Groups skipped during generation:

: If a group consistently produces invalid records (exceeding generation.patience consecutive batches above generation.invalid_fraction_threshold), that group is skipped entirely. Check your training data quality for those groups.

Out-of-order records:

: During generation, records are validated for chronological order. Records that arrive out of order are marked invalid.

Groups must have same start

All groups in the dataset must begin at the same timestamp when time_series.start_timestamp is null (inferred from data). If group start timestamps differ, the pipeline raises a DataError. Either align all group start timestamps in your data, or set time_series.start_timestamp to an explicit value that applies to all groups.


Error Classes

Safe Synthesizer uses a structured error hierarchy. Understanding which error class you received helps narrow down the cause and write targeted except clauses.

Inheritance:

SafeSynthesizerError
├── InternalError (also RuntimeError)
└── UserError
    ├── DataError (also ValueError)
    ├── ParameterError (also ValueError)
    └── GenerationError (also RuntimeError)

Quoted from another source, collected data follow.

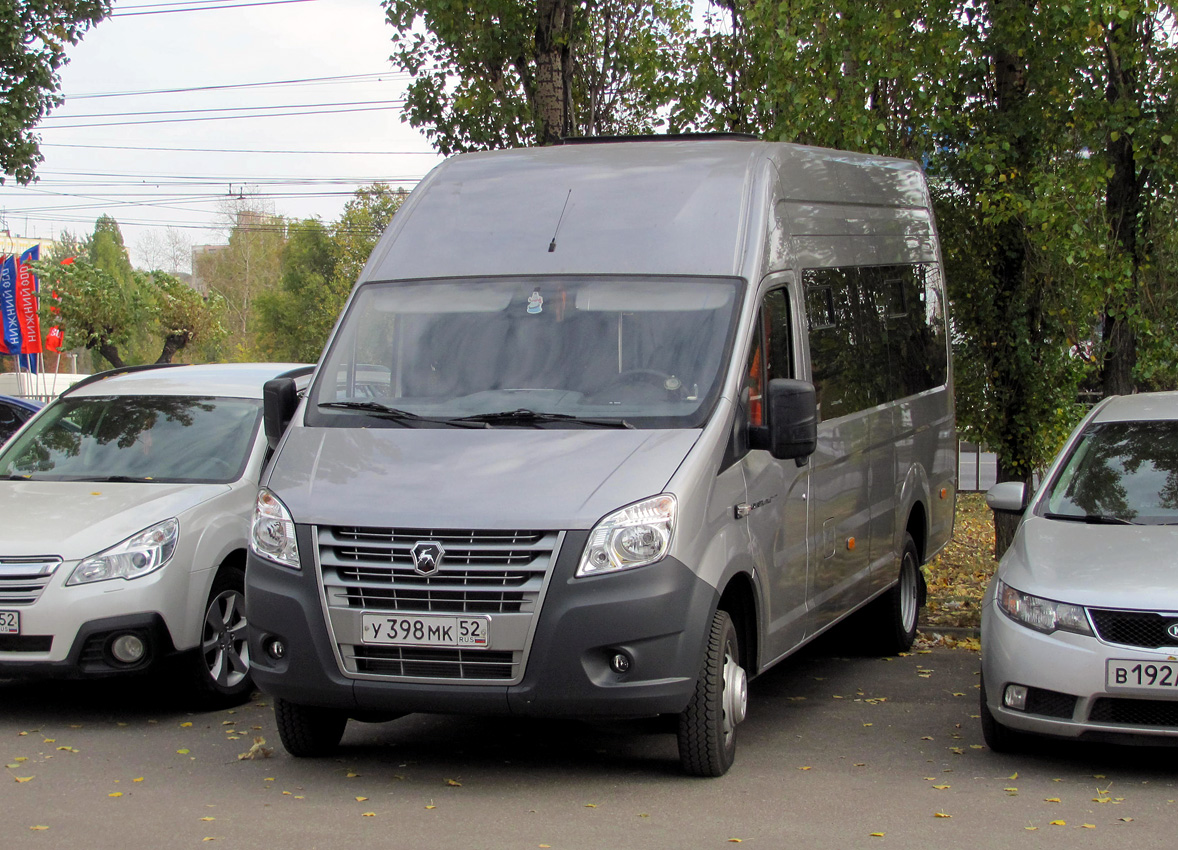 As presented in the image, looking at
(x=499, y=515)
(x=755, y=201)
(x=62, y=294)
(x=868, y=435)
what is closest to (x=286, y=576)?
(x=499, y=515)

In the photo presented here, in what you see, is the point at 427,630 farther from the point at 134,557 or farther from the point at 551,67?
the point at 551,67

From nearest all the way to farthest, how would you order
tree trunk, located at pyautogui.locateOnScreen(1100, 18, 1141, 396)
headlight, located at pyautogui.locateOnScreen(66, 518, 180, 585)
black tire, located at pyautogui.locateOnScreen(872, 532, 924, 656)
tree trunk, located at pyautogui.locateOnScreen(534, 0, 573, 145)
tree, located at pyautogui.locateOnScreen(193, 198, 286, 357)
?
1. headlight, located at pyautogui.locateOnScreen(66, 518, 180, 585)
2. black tire, located at pyautogui.locateOnScreen(872, 532, 924, 656)
3. tree trunk, located at pyautogui.locateOnScreen(1100, 18, 1141, 396)
4. tree trunk, located at pyautogui.locateOnScreen(534, 0, 573, 145)
5. tree, located at pyautogui.locateOnScreen(193, 198, 286, 357)

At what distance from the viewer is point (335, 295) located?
261ft

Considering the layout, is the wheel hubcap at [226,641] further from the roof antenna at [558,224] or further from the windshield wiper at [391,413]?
the roof antenna at [558,224]

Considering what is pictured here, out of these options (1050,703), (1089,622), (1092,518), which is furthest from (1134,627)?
(1092,518)

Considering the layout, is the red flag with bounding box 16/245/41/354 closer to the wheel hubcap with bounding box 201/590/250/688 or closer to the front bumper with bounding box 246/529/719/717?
the wheel hubcap with bounding box 201/590/250/688

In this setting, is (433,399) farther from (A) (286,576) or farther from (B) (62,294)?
(B) (62,294)

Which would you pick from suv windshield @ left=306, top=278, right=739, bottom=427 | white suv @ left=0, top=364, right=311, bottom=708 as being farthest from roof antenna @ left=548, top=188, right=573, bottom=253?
white suv @ left=0, top=364, right=311, bottom=708

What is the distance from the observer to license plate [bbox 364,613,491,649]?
18.8 feet

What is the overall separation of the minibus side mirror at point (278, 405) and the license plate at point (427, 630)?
144cm

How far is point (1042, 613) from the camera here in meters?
6.25

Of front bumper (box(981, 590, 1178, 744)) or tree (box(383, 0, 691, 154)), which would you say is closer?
front bumper (box(981, 590, 1178, 744))

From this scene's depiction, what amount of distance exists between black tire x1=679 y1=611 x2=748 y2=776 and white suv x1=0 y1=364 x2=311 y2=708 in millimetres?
2269

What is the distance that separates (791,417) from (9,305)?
46.3m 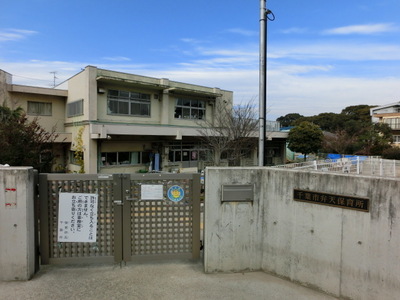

SDK callers can catch [UserError][nemo_safe_synthesizer.errors.UserError] to handle all user-facing errors, or [SafeSynthesizerError][nemo_safe_synthesizer.errors.SafeSynthesizerError] to also catch internal errors. Catching the built-in base (ValueError, RuntimeError) also works since each class inherits from both.

DataError

Bad input data -- NaNs, unsupported types, empty DataFrames, missing values in group or timestamp columns.

Checklist:

  1. Verify your CSV loads cleanly with pd.read_csv()
  2. Check for mixed types in columns
  3. Check that column names in your config match the actual data
  4. For time series, ensure no nulls in timestamp or group columns

Context-length errors (records too long for the model) raise GenerationError, not DataError -- see Context Length and Record Fitting.

ParameterError

Invalid configuration -- missing columns referenced in config, incompatible option combinations, or missing required parameters. The stacktrace will indicate which parameter is invalid.

Checklist:

  1. Run safe-synthesizer config validate --config config.yaml
  2. Verify column names in group_training_examples_by and order_training_examples_by exist in your data
  3. For DP, ensure all required privacy parameters are set

GenerationError

Errors during generation or data assembly. Two common cases:

InternalError

Library bugs. If you encounter this error through documented interfaces, please file an issue on GitHub.